Stored items from a collection:
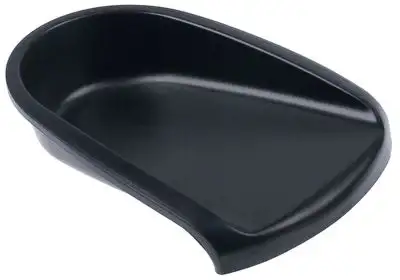 Droppskål till kaffekvarn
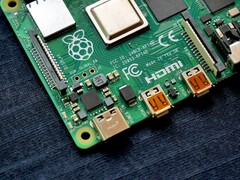 Raspberry Pi: Verfügbarkeit besser, offzielle Preise raus (Symbolbild, Vishnu Mohanan)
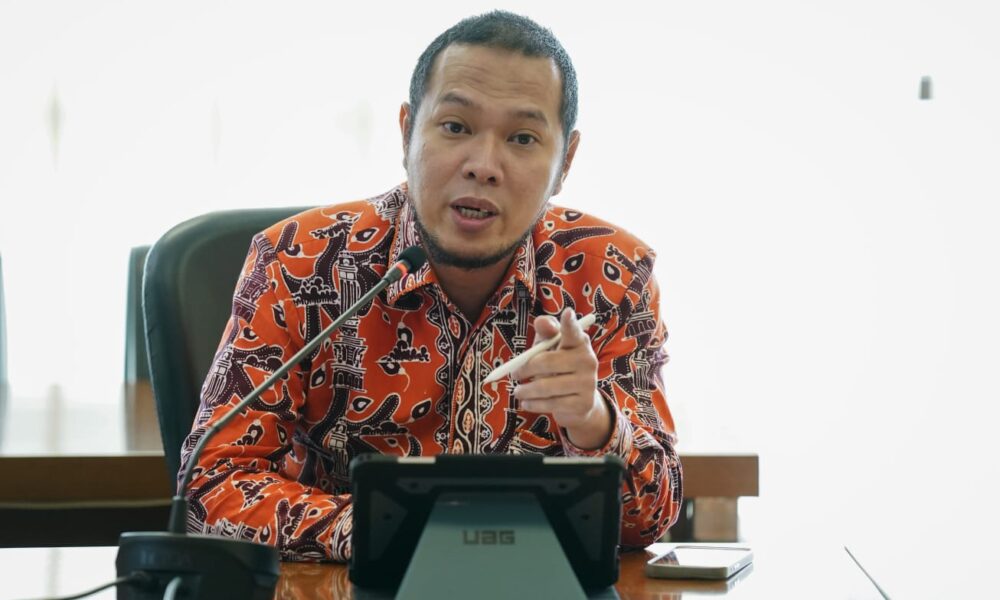 Dewan Dedi Mulyono Desak Wali Kota Bogor Terbitkan Perwali P4S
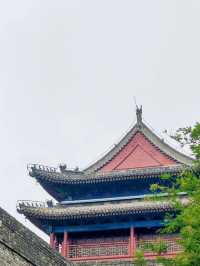 西安兵馬俑-法門寺老年人遊玩全攻略必看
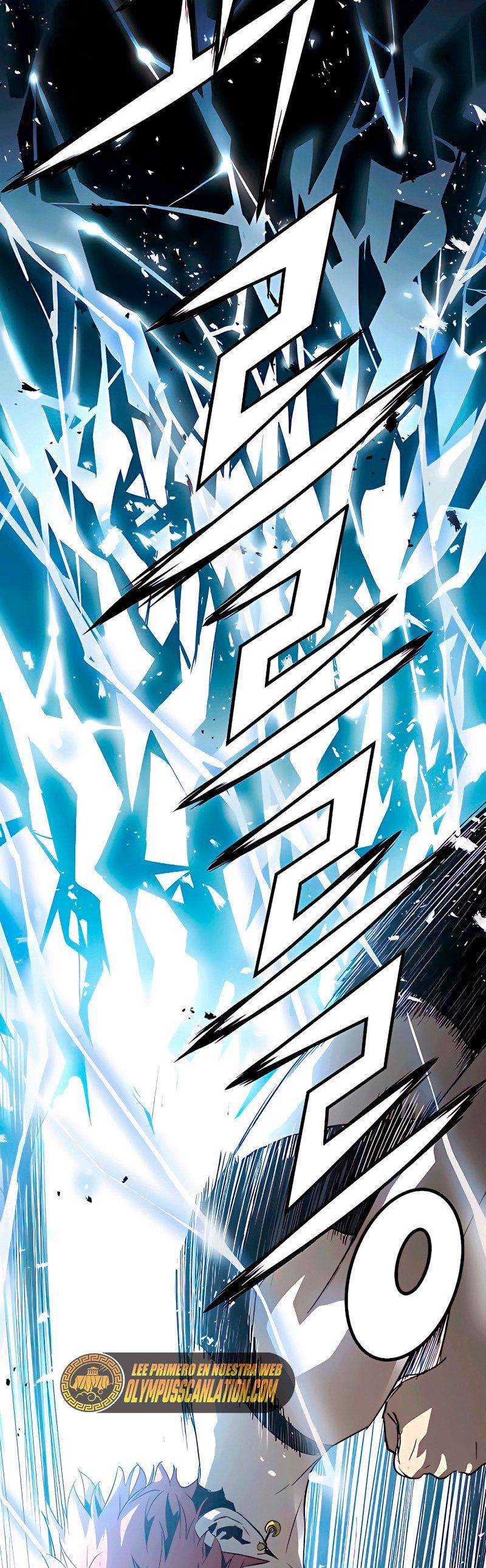 Read the breaker 3 (es) Manga Online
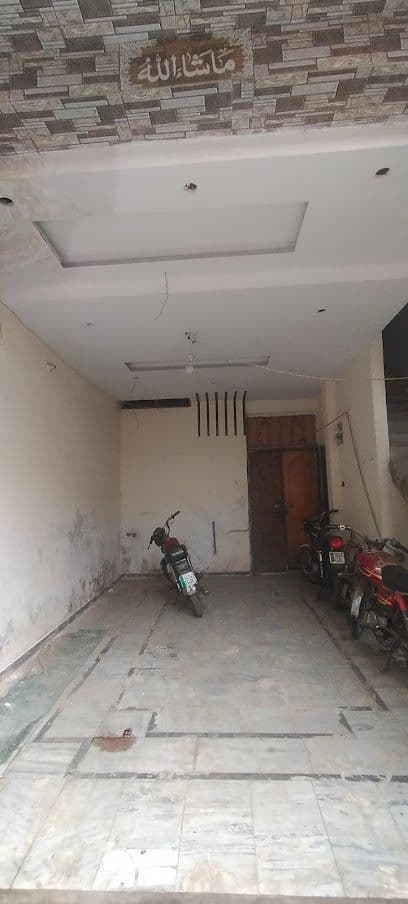 Haideri boys hostel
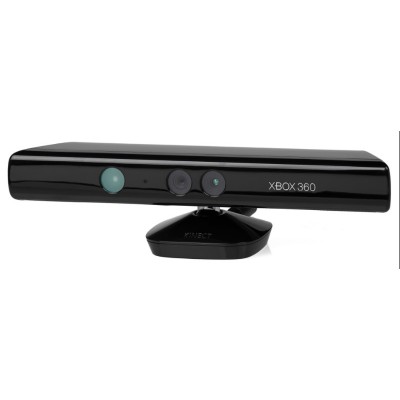 Xbox360 Сенсор Kinect для Slim моделей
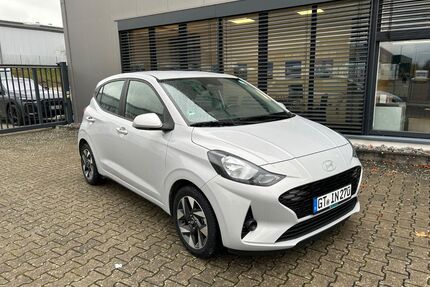 Hyundai i10 Gebrauchtwagen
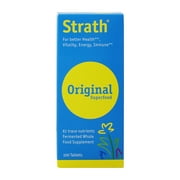 Bio-Strath, Strath, Original Superfood, 100 Tablets (Pack of 1)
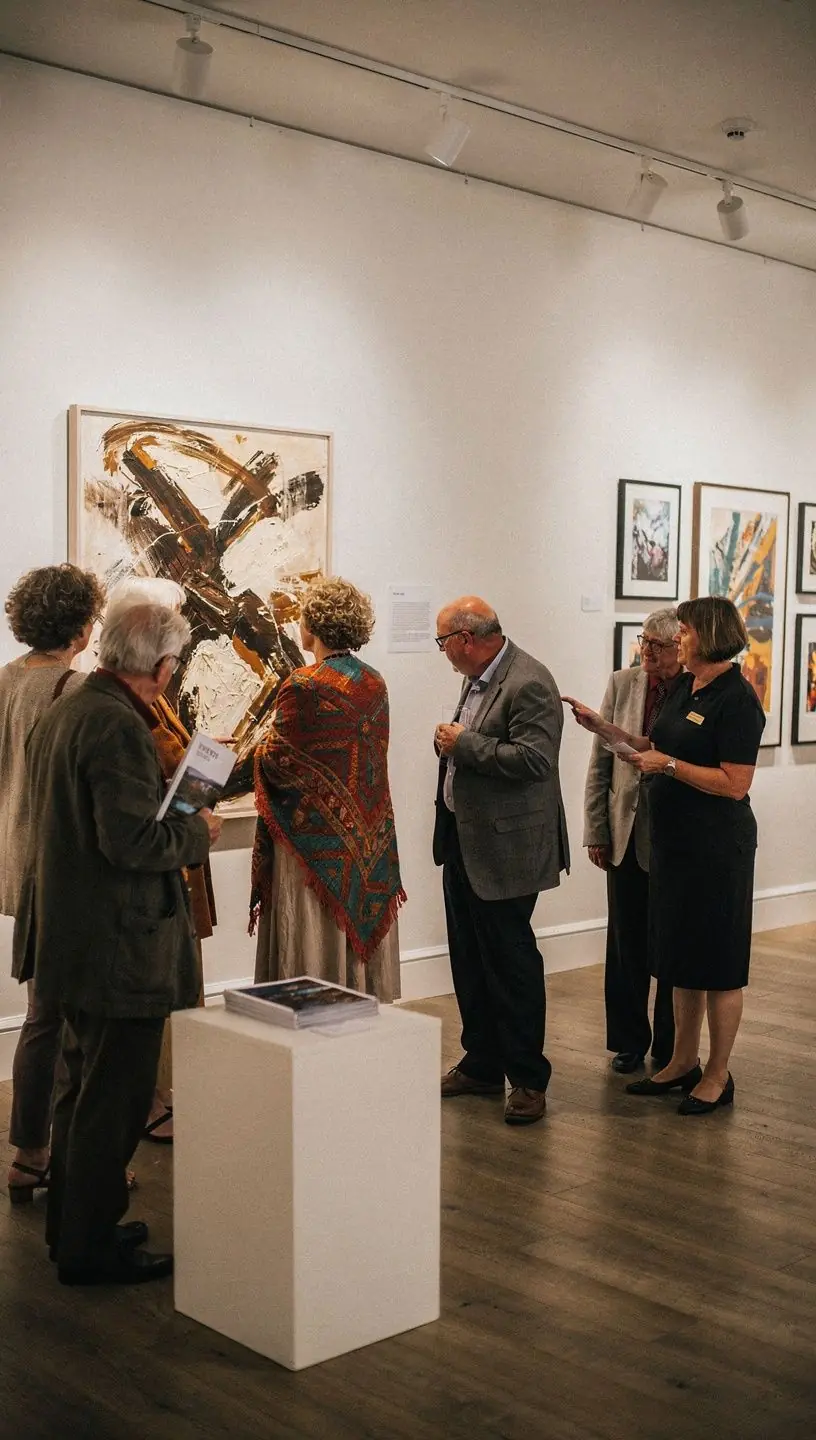 Community theater's influence on local culture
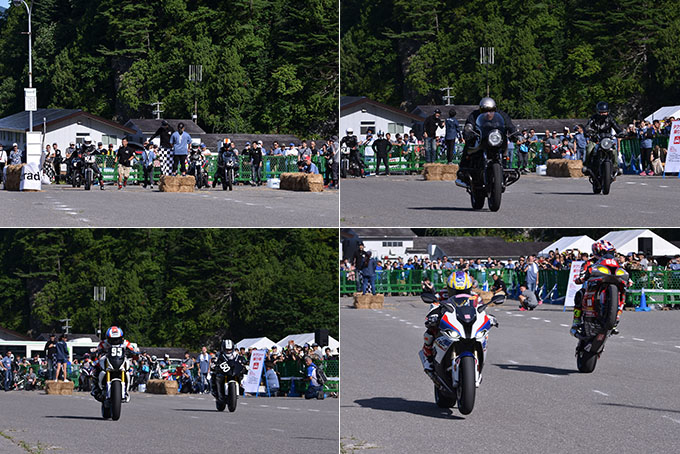 過去最高の来場者を記録したビーマーの祭典「BMW MOTORRAD DAYS JAPAN 2019」レポート第一弾！の画像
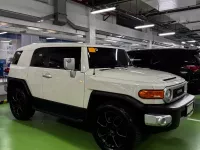 2019 Toyota FJ Cruiser  4.0L V6 in Manila, Metro Manila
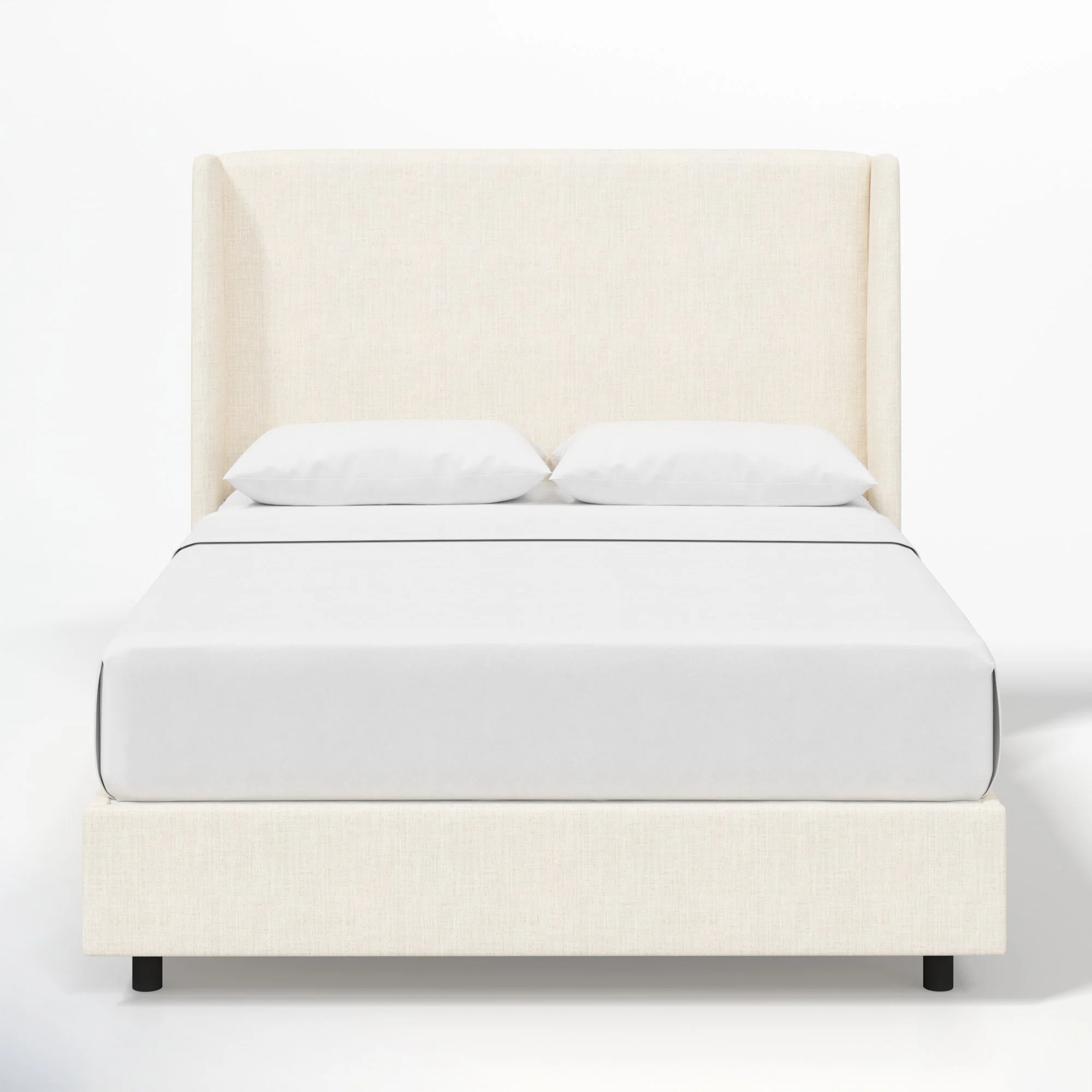 Tilly Upholstered Bed | Wayfair North America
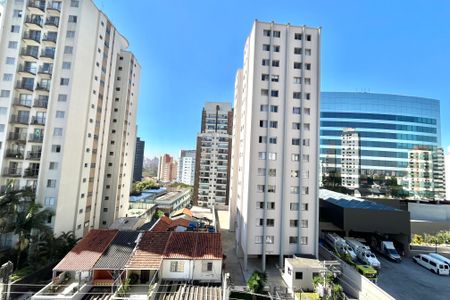 Apartamento à venda com 99m², 3 quartos e 2 vagasVista da Suíte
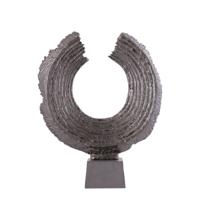 Apolline Bronzen Ronde Gegoten Aluminium Standbeeld L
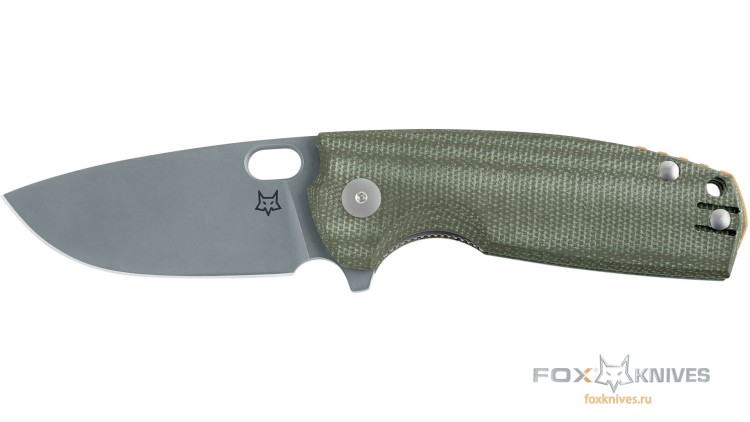 FOX Knives FX-604 MFG Core Vox нож в Москве
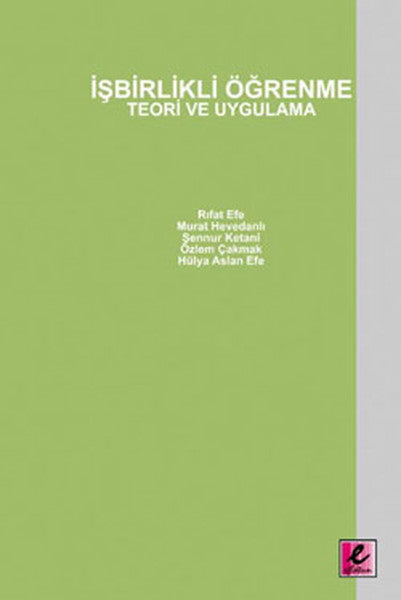 İşbirlikli Öğrenme Teori ve Uygulama-zoom-
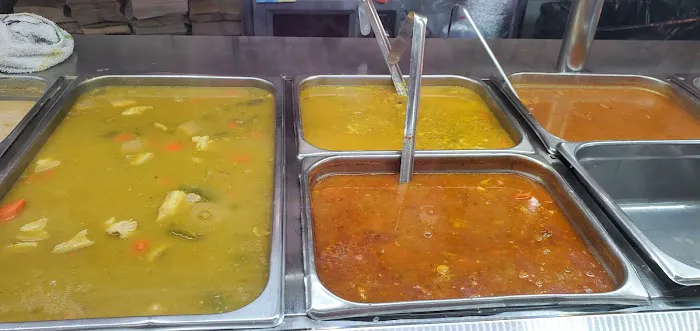 Lechonera Pollo Sabroso Picture 2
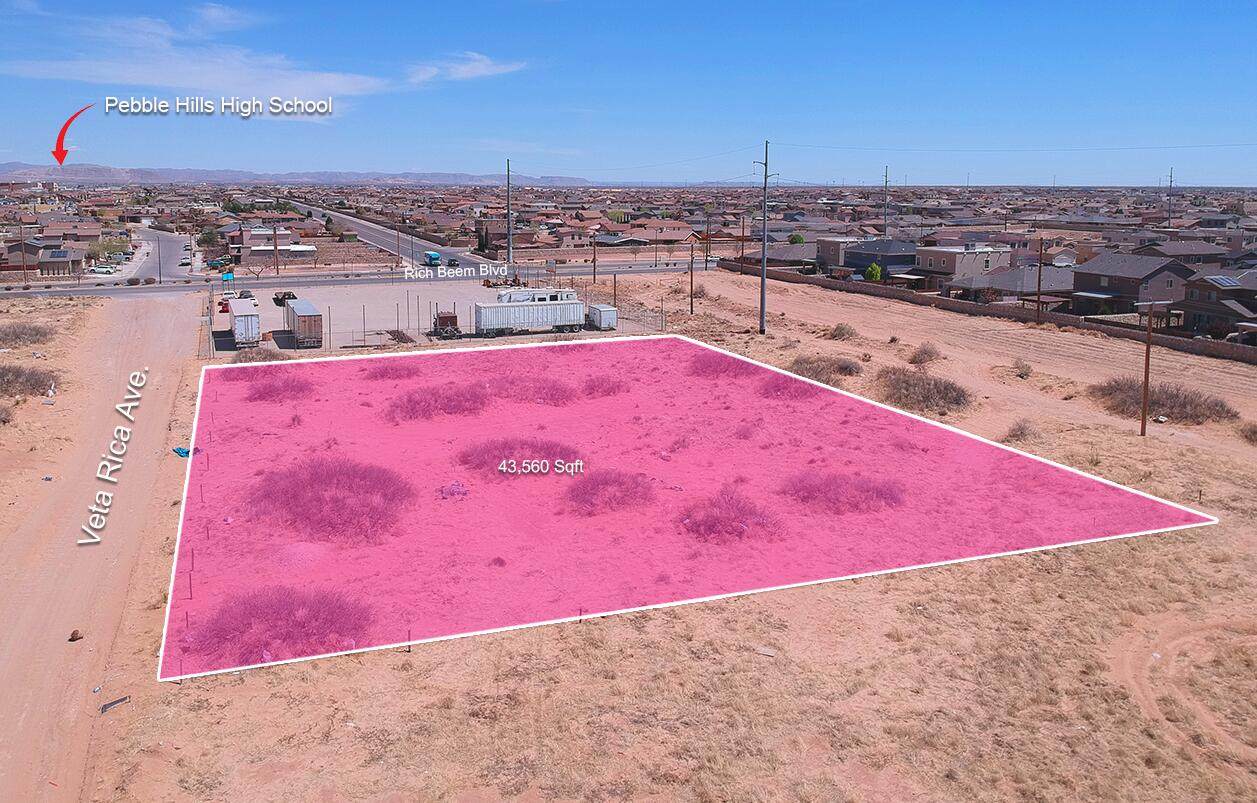 TBD Veta Rica Ave - Photo 1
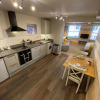 Отель Studio at Bastion Mews, фото 10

Exercise goal: Copy the lines starting at the line that contains "Apolline Bronzen Ronde" and running to the final line of the entries, inclusive; omit all pictures.

Response to the task:
 Apolline Bronzen Ronde Gegoten Aluminium Standbeeld L
 FOX Knives FX-604 MFG Core Vox нож в Москве
 İşbirlikli Öğrenme Teori ve Uygulama-zoom-
 Lechonera Pollo Sabroso Picture 2
 TBD Veta Rica Ave - Photo 1
 Отель Studio at Bastion Mews, фото 10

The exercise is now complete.